For example, pre-quantization model 20 is a model in which machine learning is executed under certain conditions, and quantized model 30 finally becomes an inference model that is obtained by quantizing pre-quantization model 20 and is to be mounted on an LSI etc. Discrimination training model 40 is a model for training discriminator 41 that determines the accuracy of an inferred value. Each of pre-quantization model 20, quantized model 30, and discriminator 41 includes a neural network. Moreover, each of pre-quantization model 20, quantized model 30, and discrimination training model 40 has a training state and an inference state, and a weight parameter of the model is constant in the inference state.
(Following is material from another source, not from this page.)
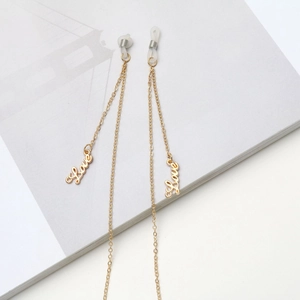 Chaîne de lunettes dorée avec pendentifs en lettres Love et boucles en silicone antidérapantes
These models each have a multi-layer structure and include an input layer, an intermediate layer, and an output layer, etc. Each of the layers includes nodes (not shown) corresponding to neurons. The strength of a connection between neurons is represented by a weight parameter. Although a neural network has weight parameters, in order to facilitate understanding, a weight parameter will be described below as an example of weight parameters.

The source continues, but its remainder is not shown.